The Belgian government announced Thursday that it would replace a fleet of ageing F-16 jets with the F-35 made by Lockheed Martin, rejecting rival offers to buy Eurofighter Typhoons or Rafales from the French group Dassault.
"The decision was linked to a Belgian procedure and the country's political constraints, but strategically it goes against European interests," Macron told journalists during a visit to Bratislava.
"Europe won't be strong unless it is truly sovereign and knows how to protect itself," he said, citing a need to develop "a genuine European defence capacity".
"I will do everything possible to promote European offers in future contracts," Macron added.
Critics said the choice of Lockheed would leave Belgium dependent on maintenance and operational systems firmly in US control, while also assailing a blow to Europe's efforts to unify its defence capacities.
Belgium justified the decision by saying the F-35s offered better value for money while best allowing it to meet its NATO commitments.
Prime Minister Charles Michel said his country would be purchasing equipment from both US and European suppliers as it bolstered defence spending.

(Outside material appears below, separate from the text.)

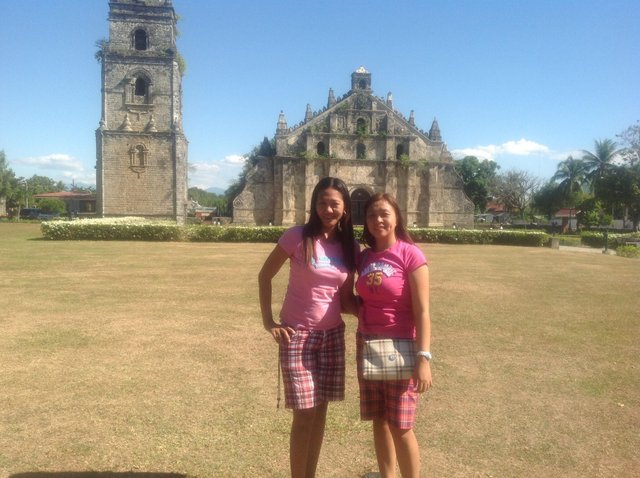 paoay church.jpg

On Friday, the French defence ministry announced that Belgium had confirmed an order for 442 Griffon and Jaguar armoured vehicles for around 1.5 billion euros ($1.7 billion).
The deal had been expected, but the announcement appeared timed to allay tensions between the two NATO allies.
Last year the European Union launched its "permanent structured cooperation on defence", or PESCO, aimed at unifying defence strategies across the bloc and rationalising a fragmented approach to buying and developing military equipment.
The EU itself is planning to vastly expand its defence budget starting in 2021, allocating some 13 billion euros over seven years to research and develop new equipment -- up from less than 600 million euros in the current budget.
Most countries see no problem allowing non-EU firms to compete for contracts under the PESCO cooperation, but France is leading a handful which want to restrict their participation.
But Washington has warned that excluding US companies could undermine NATO at a time when tensions are running high with Russia and new threats such as cyber attacks are emerging.
On Friday the European aerospace consortium Airbus also said it took note of Belgium's decision not to choose the Eurofighter Typhoon with "sincere regret".
"It is a lost opportunity to strengthen European industrial cooperation in times when the EU is called upon to increase its joint defence efforts," the company said.
It added that in buying Typhoons, Belgium could have eventually joined the French-German Future Combat Air System, aimed at developing next-generation jets to start replacing current Eurofighter and Rafale jets starting in 2035.
Airbus is one of the partners in the Eurofighter consortium, which also includes companies from Britain, Germany, Italy and Spain.
Macron, speaking at the start of a two-day visit to Slovakia and the Czech Republic, also called on people to reject leaders who seek to "divide Europe".
"I will fight wherever they are trying to roll back justice, the ability of journalists to work freely, the role of universities, all which makes us European," he said.
Macron is hoping to counter a surge in support for populist parties and leaders in many European countries ahead of European Parliament elections next May.